Therefore, we must find a solution that protects a consumer's privacy while offering him or her the advantages that the technology has to offer. In addition to the legal environment and the development of social awareness, the world's leading professional organizations recommend, first and foremost, that the technology offer a solution to this problem (see Commission Recommendation of 12 May 2009 and Document 9303).
Given the above, we recommend that the EPC Gen 2 standard be amended to require that a passive UHF RFID tag include a user interface enabling consumers to detect any tags attached to the merchandise they purchase, and to interfere with the tags' behavior if they so choose. The most obvious realization of this user interface is the integration of NFC high-frequency (HF) RFID technology in the UHF RFID transponder.
We know that the Class 1 Gen 2 standard was recently revised, and that the combination of UHF and NFC RFID technology is not a new idea (see GS1 Ratifies EPC GEN2V2, Adds Security Features, More Memory). To the best of our knowledge, however, there have been no attempts to provide users with a way to protect privacy by directly communicating with a transponder.
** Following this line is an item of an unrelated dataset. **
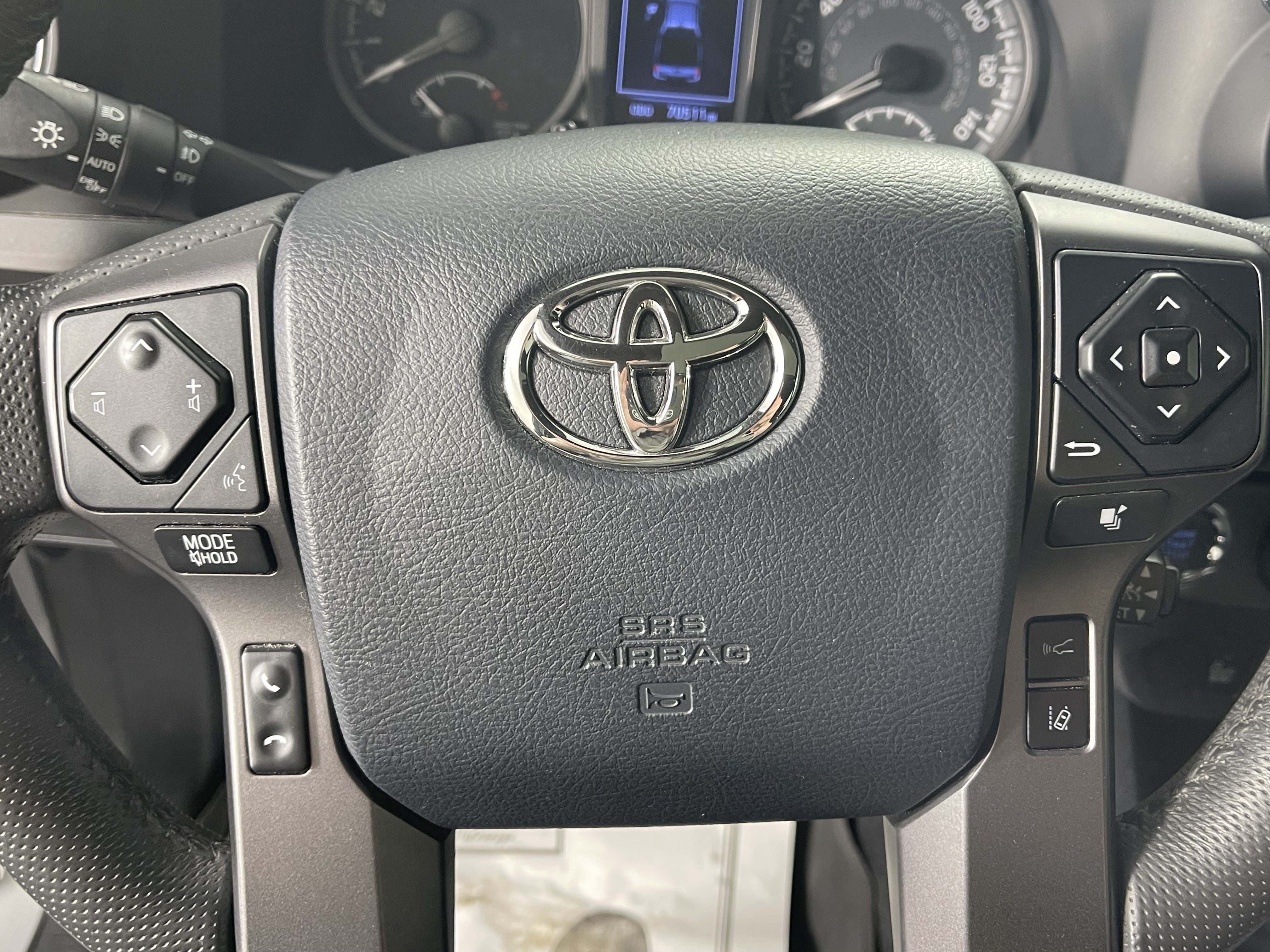 Used 2020 Toyota Tacoma TRD Off-Road w/ TRD Premium Off Road Package AWD/4WD image 20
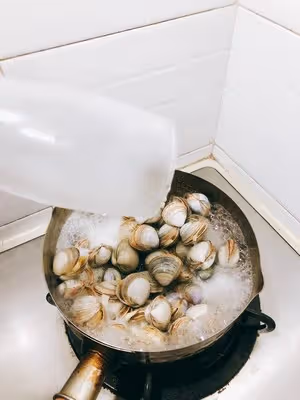 快手減脂餐：白葡萄酒煮蛤蜊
In our opinion, the integration of this capability in the future protocol would bring a revolutionary breakthrough in the technology's further spread, by alleviating consumer fears.
It is worth investing in the feasibility of the proposed transponder (hereby called a "UI-TAG"), in terms of the antennas' placement on the carrier, the integration of the NFC UHF chips and the protocol's proper extension.
With regard to the antennas, a tag that places the standard transponder of the UHF RFID and NFC technology on a common surface is already available on the market, so the antennas would operate close to each other at all times. Of course, the goal would be to minimize any eventual increase to the carrier surface's dimensions as a result of this integration. Antenna designers, however, should be able to solve this task.
Similarly, the integration of chips can be solved using current technology. Compared with the approximately 20,000 transistors used for chips during the implementation of the transponder-side protocol of the first-generation Class1 standard, the Class 1 Gen 2 standard has requested five times as many transistors. In fact, RFID chips containing nearly one million transistors exist at present. In this case, the scale is only doubled, so even if we did not trust good old Moore's law, the chip integration would result in a minimal increase of dimensions—and remember, the transponder's ultimate size is by no means determined by the size of the chip, but that of the antenna. Last year, for example, Neology announced that it had developed a dual-frequency transponder (see Neology Adds NFC to UHF RFID Transponders).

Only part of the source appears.